Alf reminded Justice Minister Amy Adams about this earlier today. She duly put out a press statement to say the Royal Succession Act makes three specific changes to the Royal succession rules:
The order of succession will no longer be based on gender and will allow an elder daughter to precede a younger son as heir to the throne. This rule will apply to any children in the line of succession born after 28 October 2011.
A person married to a Roman Catholic will be able to accede to the throne
Seeking the Sovereign’s permission to marry, which currently applies to all members of the royal family, will be limited only to the first six in line to the throne.
“These changes help improve the rules of succession and reflect modern values such as gender equality, which is positive for New Zealand’s system of government,” says Ms Adams.
The Act – for those who have forgotten – was passed in 2013 to put in place changes that were agreed in 2011 by the 16 Realms. But the date on which the main provisions of the Act take effect needed to be coordinated with the other Realms, once they had all made the necessary arrangements, such as passing similar legislation.
While the provisions come into force today, the first change is effectively backdated. The new ‘gender neutral’ rule applies to royals born after 28 October 2011, when the changes were agreed between the Realms.
Being a staunch traditionalist, Alf is a bit unhappy with this gender stuff.
He quit Monarchy New Zealand on the strength of this.
Their submission to the Justice and Electoral Committee expressed support for the bill , among other reasons because:
The much-needed changes to the royal succession will remove gender discrimination by allowing women equal right to the throne. New Zealand’s monarchy is a critically important part of our constitution and society. Making sure that it reflects kiwi values is common sense.
If allowing women equal right to the throne reflects kiwi values, Alf obviously is something of a dissident.
The submission went on to say:
It is fitting that the nation that led the charge for women’s suffrage has co-ordinated the change for equal succession rights.

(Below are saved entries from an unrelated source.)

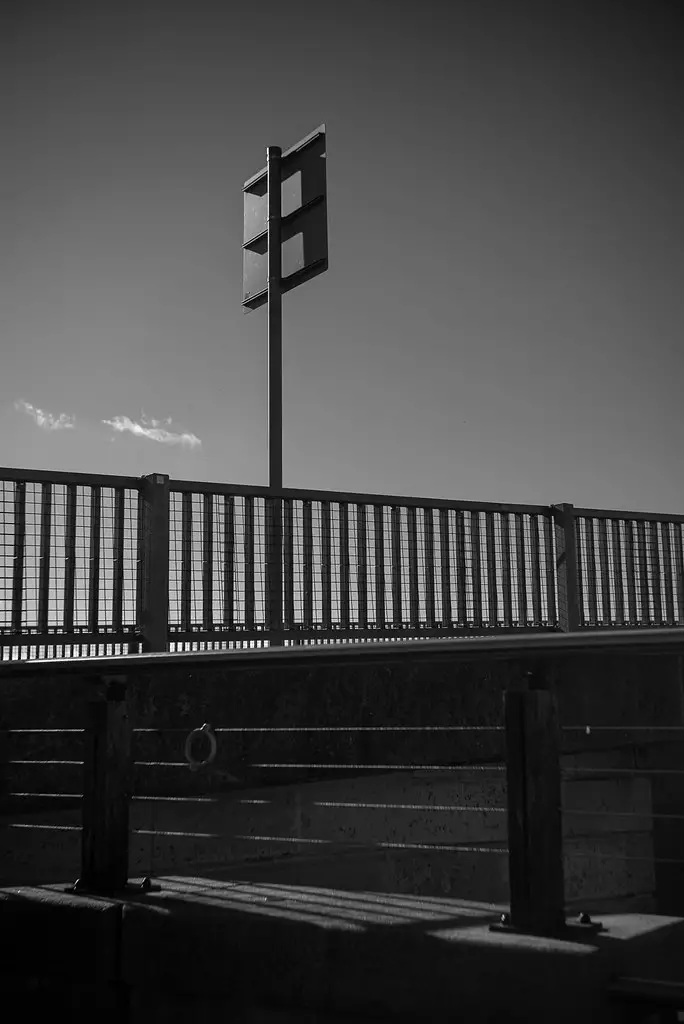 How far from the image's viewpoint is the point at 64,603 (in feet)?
21.4

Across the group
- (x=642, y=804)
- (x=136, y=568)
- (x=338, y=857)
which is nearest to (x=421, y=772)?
(x=338, y=857)

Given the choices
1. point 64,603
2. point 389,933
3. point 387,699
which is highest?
point 64,603

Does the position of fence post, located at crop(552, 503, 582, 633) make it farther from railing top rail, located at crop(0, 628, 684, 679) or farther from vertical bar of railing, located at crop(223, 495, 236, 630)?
railing top rail, located at crop(0, 628, 684, 679)

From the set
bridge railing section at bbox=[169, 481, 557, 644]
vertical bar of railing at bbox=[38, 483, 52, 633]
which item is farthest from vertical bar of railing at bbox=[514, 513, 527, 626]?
vertical bar of railing at bbox=[38, 483, 52, 633]

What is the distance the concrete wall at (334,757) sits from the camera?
186 inches

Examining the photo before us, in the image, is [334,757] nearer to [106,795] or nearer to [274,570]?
[106,795]

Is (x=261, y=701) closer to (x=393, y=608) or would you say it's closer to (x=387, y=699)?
(x=387, y=699)

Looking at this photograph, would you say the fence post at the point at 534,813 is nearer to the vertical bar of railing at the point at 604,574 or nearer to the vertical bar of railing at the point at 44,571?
the vertical bar of railing at the point at 44,571

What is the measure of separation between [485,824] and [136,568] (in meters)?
2.94

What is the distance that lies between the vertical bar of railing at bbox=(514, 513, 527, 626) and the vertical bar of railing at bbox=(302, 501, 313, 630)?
2309 millimetres

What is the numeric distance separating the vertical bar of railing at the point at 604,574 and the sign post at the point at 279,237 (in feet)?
11.6

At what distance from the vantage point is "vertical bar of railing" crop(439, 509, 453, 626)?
836 cm

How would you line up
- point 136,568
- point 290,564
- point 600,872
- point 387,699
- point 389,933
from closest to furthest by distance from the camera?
point 389,933
point 387,699
point 600,872
point 136,568
point 290,564

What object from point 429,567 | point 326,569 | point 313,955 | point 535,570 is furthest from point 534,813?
point 535,570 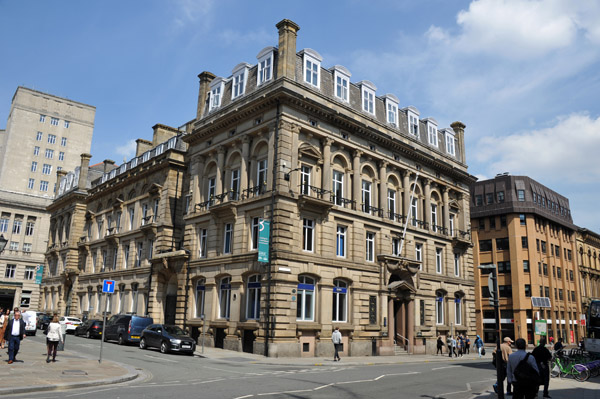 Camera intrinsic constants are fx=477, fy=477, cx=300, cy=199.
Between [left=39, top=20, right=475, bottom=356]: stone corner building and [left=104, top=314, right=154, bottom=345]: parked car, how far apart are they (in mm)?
3232

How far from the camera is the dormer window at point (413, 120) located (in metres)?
40.8

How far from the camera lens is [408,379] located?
18438 mm

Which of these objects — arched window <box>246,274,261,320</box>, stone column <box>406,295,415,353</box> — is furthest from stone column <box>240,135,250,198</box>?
stone column <box>406,295,415,353</box>

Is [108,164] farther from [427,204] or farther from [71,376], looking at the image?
[71,376]

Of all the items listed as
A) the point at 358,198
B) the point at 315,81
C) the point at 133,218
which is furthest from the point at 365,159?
the point at 133,218

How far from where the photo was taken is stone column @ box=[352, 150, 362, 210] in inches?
1309

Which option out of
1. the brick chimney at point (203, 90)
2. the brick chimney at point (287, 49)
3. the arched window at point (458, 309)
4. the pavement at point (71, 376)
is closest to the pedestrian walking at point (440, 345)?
the arched window at point (458, 309)

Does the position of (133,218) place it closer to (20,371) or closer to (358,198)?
(358,198)

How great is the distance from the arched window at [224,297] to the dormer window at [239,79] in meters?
13.2

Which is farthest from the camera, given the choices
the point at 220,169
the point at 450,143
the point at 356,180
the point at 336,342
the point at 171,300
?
the point at 450,143

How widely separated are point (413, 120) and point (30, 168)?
65682 millimetres

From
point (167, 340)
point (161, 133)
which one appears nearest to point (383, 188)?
point (167, 340)

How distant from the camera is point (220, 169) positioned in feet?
111

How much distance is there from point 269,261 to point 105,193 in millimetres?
31071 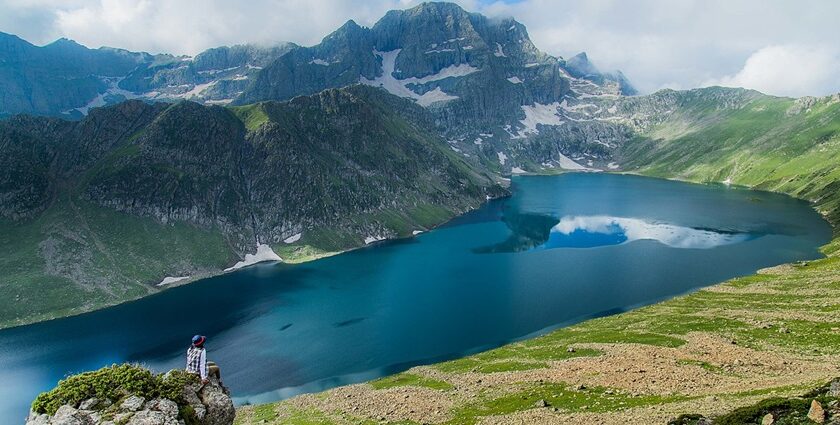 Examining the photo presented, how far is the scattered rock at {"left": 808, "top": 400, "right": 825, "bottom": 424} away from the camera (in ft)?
86.6

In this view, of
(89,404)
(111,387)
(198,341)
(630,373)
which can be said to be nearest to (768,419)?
(630,373)

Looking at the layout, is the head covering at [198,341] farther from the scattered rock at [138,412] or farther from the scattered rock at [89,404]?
the scattered rock at [89,404]

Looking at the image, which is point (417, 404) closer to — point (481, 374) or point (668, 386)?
point (481, 374)

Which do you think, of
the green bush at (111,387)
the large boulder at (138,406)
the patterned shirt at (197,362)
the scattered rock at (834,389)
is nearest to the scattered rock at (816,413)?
the scattered rock at (834,389)

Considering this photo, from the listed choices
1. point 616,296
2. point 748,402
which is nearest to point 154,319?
point 616,296

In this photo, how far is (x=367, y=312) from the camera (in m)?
134

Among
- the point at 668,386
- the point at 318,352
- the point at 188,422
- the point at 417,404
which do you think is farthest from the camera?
the point at 318,352

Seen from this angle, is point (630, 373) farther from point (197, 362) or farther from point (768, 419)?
point (197, 362)

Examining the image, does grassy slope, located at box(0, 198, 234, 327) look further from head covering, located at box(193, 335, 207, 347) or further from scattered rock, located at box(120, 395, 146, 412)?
scattered rock, located at box(120, 395, 146, 412)

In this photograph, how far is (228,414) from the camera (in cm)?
3052

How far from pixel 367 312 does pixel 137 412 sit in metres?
109

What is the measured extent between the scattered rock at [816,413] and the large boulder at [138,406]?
3240 centimetres

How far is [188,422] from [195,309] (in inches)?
5404

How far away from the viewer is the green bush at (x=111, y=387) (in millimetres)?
25902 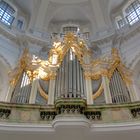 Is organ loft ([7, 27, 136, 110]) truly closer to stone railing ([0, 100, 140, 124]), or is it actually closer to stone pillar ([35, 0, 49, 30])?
stone railing ([0, 100, 140, 124])

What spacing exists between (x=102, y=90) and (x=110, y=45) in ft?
16.8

On that matter, Alf laments he was born too late to do anything to stop the suffragettes. If he could have done so, he would have.
The Monarchists NZ submission concluded on an even more upsetting note:
When New Zealanders say that the next person born in the line of succession will be our Head of State, they actually confirm the inherent equality and value of everyone. They are saying that all humans have strengths with which to work and weaknesses to overcome. Whether the monarch is male or female, gay or straight, tall or short, in good health or bad health, shy or outgoing is immaterial to their ability to serve as Head of State.

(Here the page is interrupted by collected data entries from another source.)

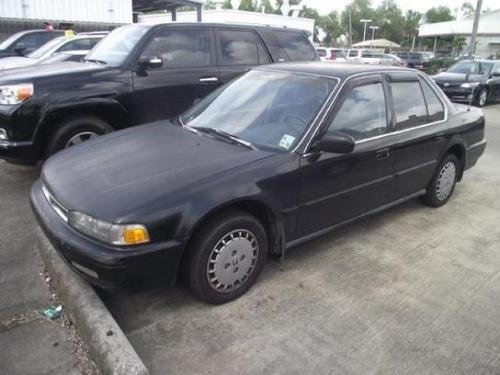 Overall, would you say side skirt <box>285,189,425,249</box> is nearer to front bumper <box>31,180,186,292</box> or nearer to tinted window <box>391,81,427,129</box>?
tinted window <box>391,81,427,129</box>

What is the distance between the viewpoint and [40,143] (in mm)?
4852

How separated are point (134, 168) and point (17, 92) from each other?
236 centimetres

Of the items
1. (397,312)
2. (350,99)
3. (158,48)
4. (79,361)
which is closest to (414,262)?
(397,312)

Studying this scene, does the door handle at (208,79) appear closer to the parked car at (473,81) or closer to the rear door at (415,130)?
the rear door at (415,130)

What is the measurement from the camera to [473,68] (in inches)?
608

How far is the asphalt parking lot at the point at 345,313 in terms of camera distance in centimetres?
274

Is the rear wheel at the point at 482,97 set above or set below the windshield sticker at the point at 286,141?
below

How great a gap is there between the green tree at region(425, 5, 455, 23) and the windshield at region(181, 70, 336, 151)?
3760 inches

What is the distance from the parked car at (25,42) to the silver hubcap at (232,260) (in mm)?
11201

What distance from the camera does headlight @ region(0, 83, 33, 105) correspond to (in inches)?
184

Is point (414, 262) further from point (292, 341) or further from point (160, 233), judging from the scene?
point (160, 233)

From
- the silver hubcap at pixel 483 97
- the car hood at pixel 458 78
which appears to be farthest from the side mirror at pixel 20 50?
the silver hubcap at pixel 483 97

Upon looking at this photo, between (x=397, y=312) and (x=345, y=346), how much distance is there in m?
0.58

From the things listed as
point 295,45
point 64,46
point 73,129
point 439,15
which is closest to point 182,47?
point 73,129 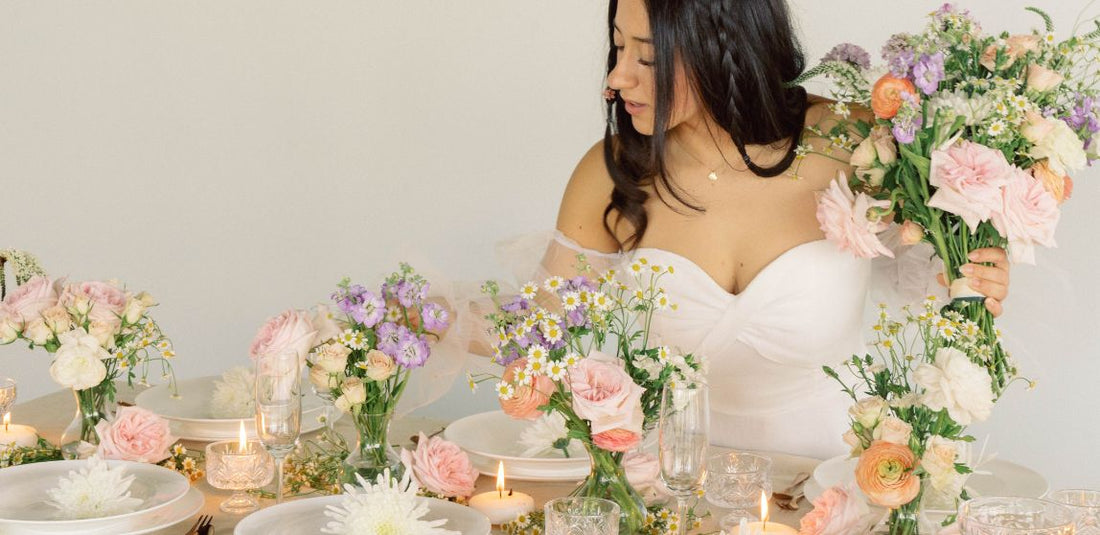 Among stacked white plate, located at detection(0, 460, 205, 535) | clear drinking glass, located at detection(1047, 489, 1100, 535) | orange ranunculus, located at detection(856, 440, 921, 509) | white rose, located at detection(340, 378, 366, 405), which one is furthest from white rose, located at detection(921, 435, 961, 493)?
stacked white plate, located at detection(0, 460, 205, 535)

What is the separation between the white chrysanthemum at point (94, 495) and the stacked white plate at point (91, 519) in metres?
0.02

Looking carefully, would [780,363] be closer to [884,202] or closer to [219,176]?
[884,202]

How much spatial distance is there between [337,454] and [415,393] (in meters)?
0.19

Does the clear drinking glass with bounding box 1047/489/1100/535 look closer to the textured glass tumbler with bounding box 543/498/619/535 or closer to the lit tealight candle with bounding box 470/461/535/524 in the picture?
the textured glass tumbler with bounding box 543/498/619/535

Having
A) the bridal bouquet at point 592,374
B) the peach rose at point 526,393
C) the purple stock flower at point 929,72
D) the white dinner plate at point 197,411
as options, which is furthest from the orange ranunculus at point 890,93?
the white dinner plate at point 197,411

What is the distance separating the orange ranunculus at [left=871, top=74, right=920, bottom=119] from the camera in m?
2.01

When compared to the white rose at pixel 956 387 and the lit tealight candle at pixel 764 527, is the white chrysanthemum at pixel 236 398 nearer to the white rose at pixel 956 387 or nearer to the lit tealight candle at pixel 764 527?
the lit tealight candle at pixel 764 527

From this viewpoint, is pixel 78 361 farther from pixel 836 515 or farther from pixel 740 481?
pixel 836 515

Umm – no. The monarchists’ mob has gone too far.
Alf looks forward to how they will wriggle around this position when we learn we have two queens as our king and queen, and they have been lawfully married, and they have decided to adopt a child.
On the other hand, Keith Locke’s submission opposed the passage of the Royal Succession Bill.

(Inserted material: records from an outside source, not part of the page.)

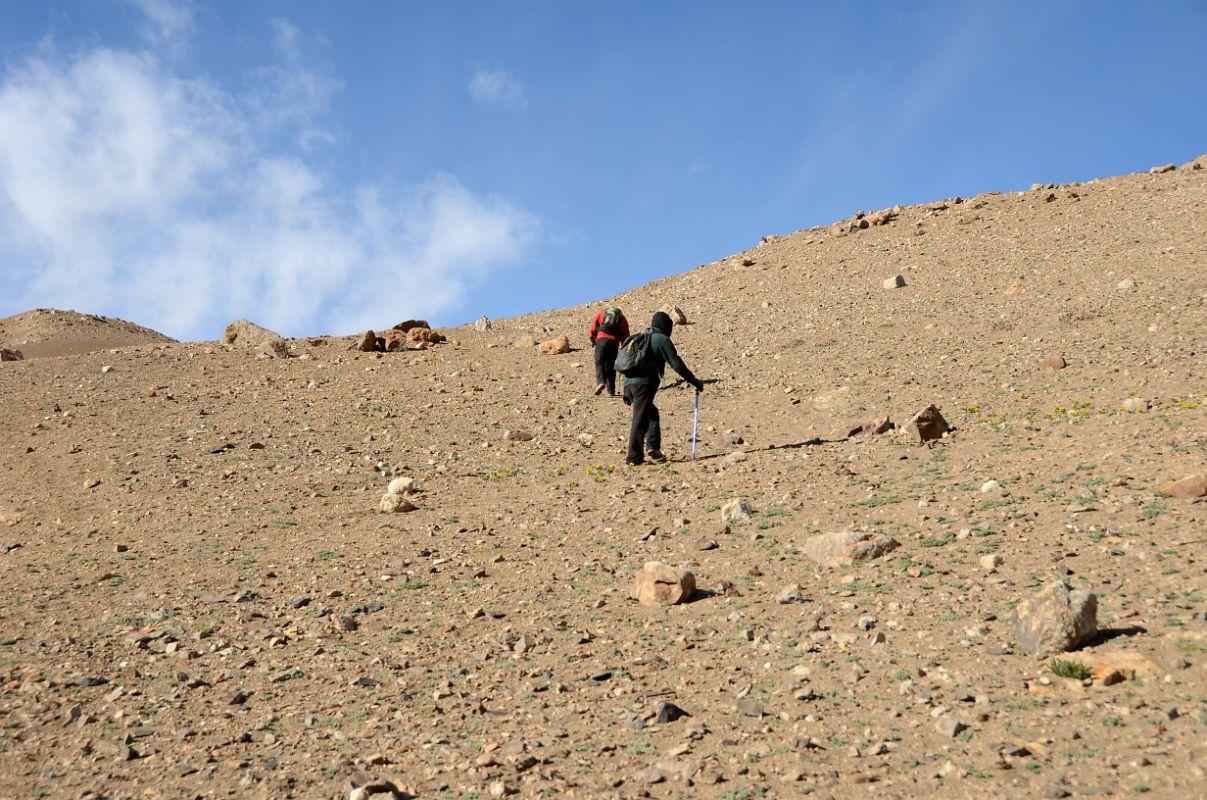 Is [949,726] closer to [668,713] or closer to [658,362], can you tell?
[668,713]

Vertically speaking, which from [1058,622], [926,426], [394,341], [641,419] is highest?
[394,341]

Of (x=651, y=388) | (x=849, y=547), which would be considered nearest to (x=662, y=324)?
(x=651, y=388)

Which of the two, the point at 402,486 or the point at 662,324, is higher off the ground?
the point at 662,324

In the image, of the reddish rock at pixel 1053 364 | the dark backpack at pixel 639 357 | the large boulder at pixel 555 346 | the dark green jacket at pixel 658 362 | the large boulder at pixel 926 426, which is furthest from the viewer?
the large boulder at pixel 555 346

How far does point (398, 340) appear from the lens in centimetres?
2438

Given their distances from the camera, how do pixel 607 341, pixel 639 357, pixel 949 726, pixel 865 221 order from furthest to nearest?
pixel 865 221
pixel 607 341
pixel 639 357
pixel 949 726

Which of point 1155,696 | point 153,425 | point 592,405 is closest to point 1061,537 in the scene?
point 1155,696

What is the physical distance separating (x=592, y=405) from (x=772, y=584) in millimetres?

Alf was momentarily delighted.
But then he spotted that the former Green MP and chronic grouch was arguing that rather than amend the laws of succession Parliament should be providing New Zealanders the opportunity to change the nature of our Head of State to enable the top position in our country to be held by a New Zealander.
This might be okay but only in the circumstance that we do have two queens as our king and queen, and they do adopt a child, and their child (a) is male and (b) a New Zealander.
If that was to happen, Alf might go along with it. But very grudgingly.
We could go on to address the matter of the monarch marrying a Roman Catholic.
The question of whether this would be worse than marrying a gay is a testing one.
But let’s put it aside for now. The bar is open and there are suds to be sunk.